Command vocabulary exceeding 200 entries
Support for additional languages
Deep performance optimization or algorithm customization for specific scenarios

Configurations

ASR configurable parameters:

sensitivity:: Three levels of sensitivity are provided with predefined internal parameters.The higher, easier to detect commands but also more false alarm.

Refer to ${aivoice_lib_dir}/include/aivoice_asr_config.h for details.

Custom Command Guide

Hardware Requirements

Chip Models
- RTL8713ECM-VA4-CG
- RTL8730EAM-VA6-CG
Flash Size: ≥ 16 MB
Dual-microphone Spacing: 50 mm
Microphone and Loopback Channel Mapping:
- RTL8713ECM-VA4-CG: AMIC1, AMIC2, AMIC3
- RTL8730EAM-VA6-CG: AMIC1, AMIC3, AMIC5
One external speaker

Software Requirements

Prepare ameba-rtos repository (referred to as ${SDK}).

Master Branch: Refer to SDK Download for the extended XDK download method.
Branch 1.1:

git clone https://github.com/Ameba-AIoT/ameba-rtos.git
cd ameba-rtos
git checkout remotes/origin/release/v1.1 -b release/v1.1

Operation Instructions

Use Online tool and upload the required Excel files containing the command list and corresponding audio prompts. After backend compilation is completed, download the download.zip file and extract it.
Copy the modified files into the SDK and apply the patch:

cp -r ${download}/patch/* ${SDK}
git apply --reject speechmind_custom_cmd.patch

Note

If git apply reports errors, it indicates a significant version discrepancy between the current SDK and the version used to generate the patch. Please manually integrate the changes from the patch into the corresponding files in the SDK.
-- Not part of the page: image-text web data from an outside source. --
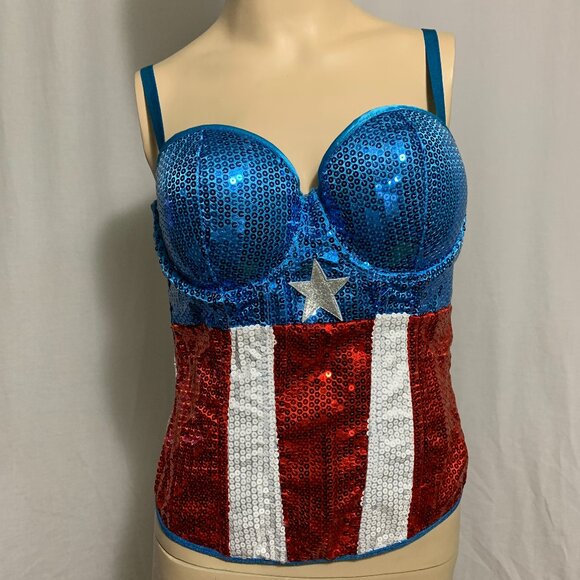 Marvel Captain America American Dream Corset Cosplay Costume Halloween Women M/L - Picture 1 of 6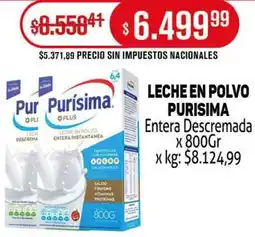 Makro Purisima leche en polvo entera descremada oferta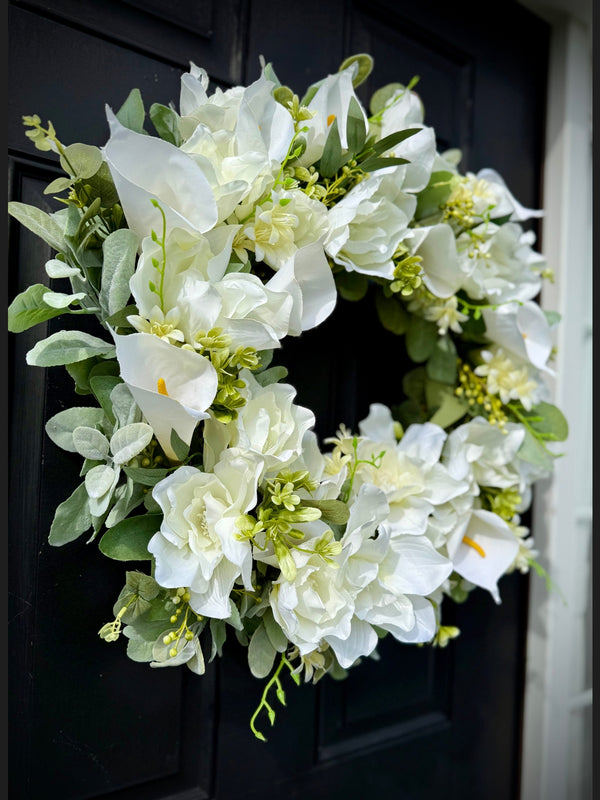 White Calla Lily Wreath for Spring, Wedding Wreath
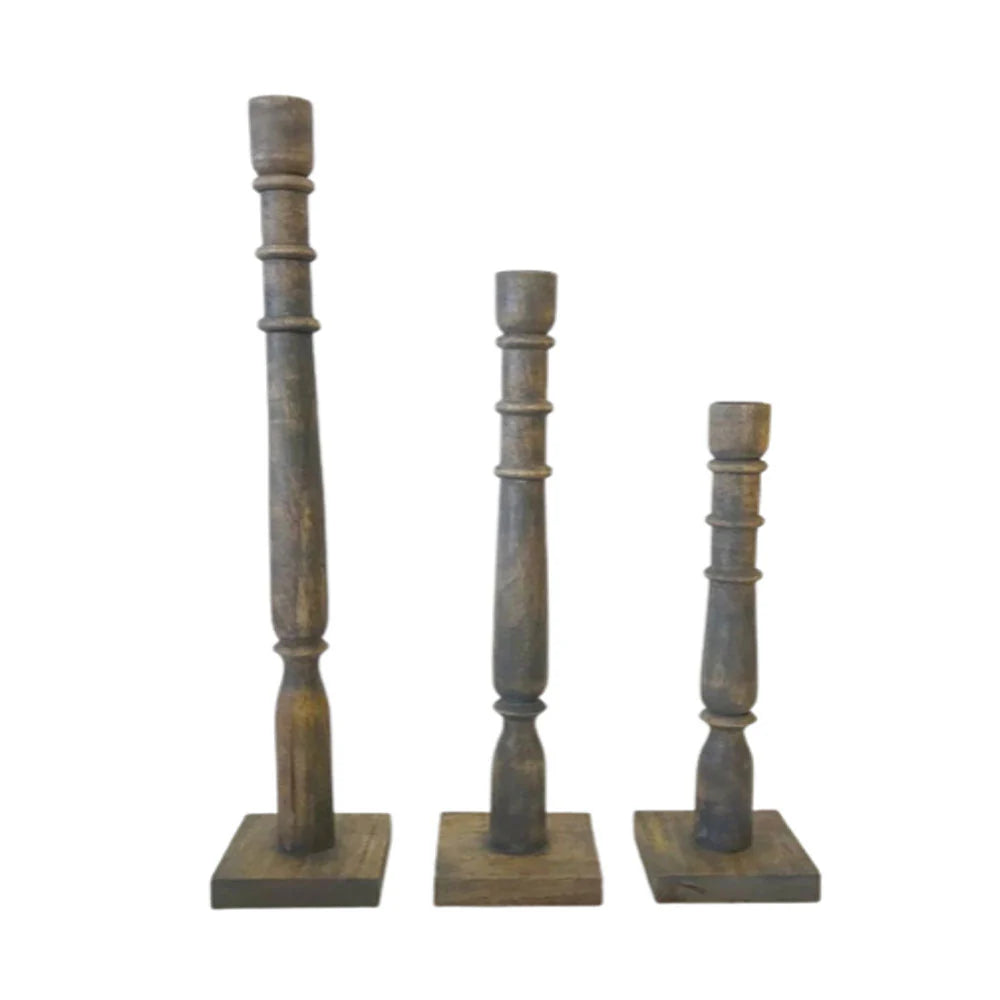 Grey Wooden Taper Candleholder, Set of 3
Switch to the SDK’s GCC project directory and run menuconfig.py to enter the configuration interface

cd {SDK}/amebalite_gcc_project
./menuconfig.py

Enable DSP through menu navigation

--------MENUCONFIG FOR General---------
CONFIG DSP Enable  --->
   [*] Enable DSP

Config Link through menu navigation

Branch master:

--------MENUCONFIG FOR General---------
CONFIG Link Option  --->
   IMG2(Application) running on FLASH or PSRAM?
      (X) FLASH
      ( ) PSRAM
   IMG2 Data and Heap in SRAM or PSRAM?  --->
      ( ) SRAM
      (X) PSRAM

Branch v1.1:

--------MENUCONFIG FOR General---------
CONFIG Link Option  --->
   IMG2(Application) running on FLASH or PSRAM?
      (X) CodeInXip_DataHeapInPsram
      ( ) CodeInPsram_DataHeapInSram
      ( ) CodeInPsram_DataHeapInPsram
      ( ) CodeInXip_DataHeapInSram

Enable VFS LITTLEFS

--------MENUCONFIG FOR General---------
CONFIG VFS  --->
   [*] Enable VFS LITTLEFS

Enable AIVoice

--------MENUCONFIG FOR General---------
CONFIG TrustZone  --->
...
CONFIG APPLICATION  --->
   GUI Config  --->
   ...
   AI Config  --->
      [ ] Enable TFLITE MICRO
      [*] Enable AIVoice

Enable Speechmind

--------MENUCONFIG FOR General---------
CONFIG TrustZone  --->
...
CONFIG APPLICATION  --->
   GUI Config  --->
   ...
   AI Config  --->
      [ ] Enable TFLITE MICRO
      [*] Enable AIVoice
      [*] Enable SpeechMind

Build

./build.py

Download below images using Flash Programming Tool :

km4_boot_all.bin: Default address
kr4_km4_app.bin: Default address
tts.bin: Address 0x083E0000, 0x087E0000
dsp_all.bin: Address 0x087E0000, 0x08A00000
aivoice_models.bin: Address 0x08A00000, 0x08E00000

Use Online tool and upload the required Excel files containing the command list and corresponding audio prompts. After backend compilation is completed, download the download.zip file and extract it.
Copy the modified files into the SDK and apply the patch:

cp -r ${download}/patch/* ${SDK}
git apply --reject speechmind_custom_cmd.patch

Note

If git apply reports errors, it indicates a significant version discrepancy between the current SDK and the version used to generate the patch. Please manually integrate the changes from the patch into the corresponding files in the SDK.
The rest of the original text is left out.